There is a cost to using image textures, even in terms of GPU VRAM usage, but even it is difficult to quantify because it depends on the size of the image, the way it is UV mapped, and any in-shader manipulations applied to it.

The simplest procedural shaders are faster than using an image texture, so you can't say that image textures are always better. Moreover the cost of using any given texture in a procedural shader depends both on the implementation of the texture in Blender and how well it maps to the GPU. Brick textures are very fast and use very little VRAM. Noise textures are notoriously slow in Blender and can dramatically increase the time cost of the shader.

There is also a time / space tradeoff that varies.
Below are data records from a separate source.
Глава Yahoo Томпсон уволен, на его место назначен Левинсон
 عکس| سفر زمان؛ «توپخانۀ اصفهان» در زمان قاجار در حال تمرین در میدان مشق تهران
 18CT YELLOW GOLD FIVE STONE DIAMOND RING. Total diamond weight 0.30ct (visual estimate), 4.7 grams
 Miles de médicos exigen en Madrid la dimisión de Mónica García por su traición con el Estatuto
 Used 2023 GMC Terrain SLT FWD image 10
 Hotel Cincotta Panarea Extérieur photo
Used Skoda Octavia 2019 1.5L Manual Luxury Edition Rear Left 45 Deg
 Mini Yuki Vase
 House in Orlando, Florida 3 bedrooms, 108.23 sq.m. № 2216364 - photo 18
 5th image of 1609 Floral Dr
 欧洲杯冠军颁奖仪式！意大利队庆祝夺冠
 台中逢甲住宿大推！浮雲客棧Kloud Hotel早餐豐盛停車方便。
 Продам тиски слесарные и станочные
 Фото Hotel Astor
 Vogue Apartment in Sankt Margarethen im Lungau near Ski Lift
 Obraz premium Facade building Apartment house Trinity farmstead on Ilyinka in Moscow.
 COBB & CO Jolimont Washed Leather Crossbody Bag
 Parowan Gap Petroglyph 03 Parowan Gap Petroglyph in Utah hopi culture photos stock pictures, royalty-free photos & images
Some shader techniques use very little VRAM but consume relatively large amounts of time. Again, noise textures tend to be bad this way.

Finally, a lot has to do with the infamous "kernels" -- the bits of GPU code that blender generates as it builds the shader. Some GPUs are easier to build high performance kernels for, so the same texture might have very different costs on GPUs from two different families.

So, in the final analysis, all you can do is try it both ways, compare the render times, and decide which approach works best for you.

But that leads to a question your question implies but doesn't ask: what is the workflow cost. Image based materials have very little workflow impact. Set up the material, make a few adjustments and you're done. Procedural materials may take much more time to develop and you do have the time cost of baking the material to consider.